19 February 2016
What would In and Out really mean? Why the terms of Brexit or EURemain are all important

by George Freeman

In the age of the 24/7 news cycle, nuance is difficult. Whether in the US presidential election or the EU Referendum, everything gets boiled down to the false negatives of overstated extremes, and the binary choice: Trump versus Sanders, populism versus experience, In versus Out?

But as the Prime Minister’s tireless Herculaen negotiation with our European partners comes to a head, and the public debate about whether we should leave or remain in the EU looms, there is a question every bit as important as In or Out? It is: ‘on what Terms?’. As with any marriage, separation or divorce, the terms of conduct are everything.

Does ‘Out’ mean slung out of the saloon bar of Europe like some whisky-breathed cowboy sprawling friendless and humiliated on the dusty road? Or moving gradually to a carefully negotiated near-neighbour ‘privileged trading partner’ status? Does ‘In’ mean we will be at the top table of Europe with renewed respect and authority to drive our reform agenda and create a European Union fit for the 21st century?

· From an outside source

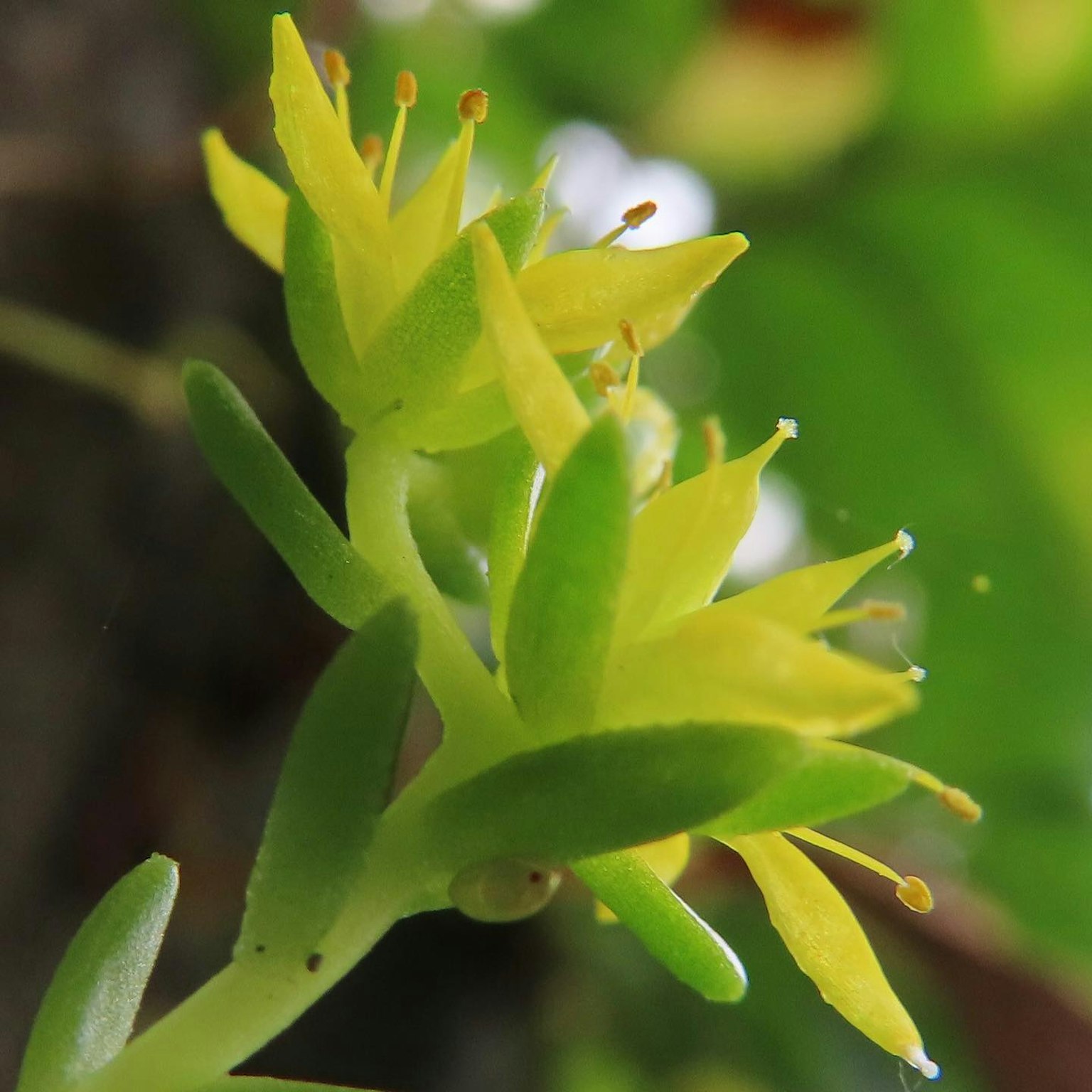 Acercamiento de una planta con hojas verdes y flores amarillas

Or with the threat of departure gone, will ‘In’ mean the Eurocrats can ignore us and we are cast to the back of the EU class on the naughty step for daring to question its legitimacy? There is every difference in the world. The variety of outcomes within ‘In’ and ‘Out’ are just as important as the stark choice between them.

The same is true domestically: will a UK ‘Out’ vote led by an English majority against the will of Scottish (and Welsh?) voters trigger the break-up of the United Kingdom, leaving not the UK outside the EU but just Little England?

We need a much more considered debate about the ‘terms’ on which In and Out are understood by our partners. And a debate which seriously looks at our place in the world and what role we can play in the future. This is a time for serious geo-political statemanship, not the shrill shallow self-interested factionalism of UKIP, the SNP or the EU idealogues. This decision is arguably the most important for the future of our country in modern times. The judgements within it are not straightforward.

Just as the extraordinary pace of globalisation frames the challenges to an increasingly uncompetitive and bureaucratic EU, so too does it frame the challenge for us in the UK. Do we want a weak or strong Europe in an increasingly unstable global context? Do we care whether Brexit destablises and weakens the EU? What is in the UK’s widest long term best interests? As a rapidly ageing, structurally debt-laden economy off the coast of Western Europe, how do we see our role and our security in a world of exploding population, geopolitical tensions, mass migration, Islamic extremism, Middle East tension, a remilitarised China and Russia and a United States looking increasingly to the Far East?

I believe the competitive challenges posed by globalisation and the emerging economies also create a massive opportunity for a new cycle of growth for the UK. By investing, as the Chancellor has done, in our science and innovation and embracing a bold model of enterprise economics in the public and private sector – what I have called ‘The Innovation Economy’ – we have a chance to turn the pace of growth and resource pressure in the rapidly industrialising economies to our advantage as markets for our innovation. Indeed, I have long argued that to drive a new cycle of growth in our economy we must look beyond the sclerotic Eurozone and to the fastest growing emerging markets. We have the science, technology and enterprise strengths to build the companies and technologies which will be essential to allow rapid industrialisation around the globe to be sustainable.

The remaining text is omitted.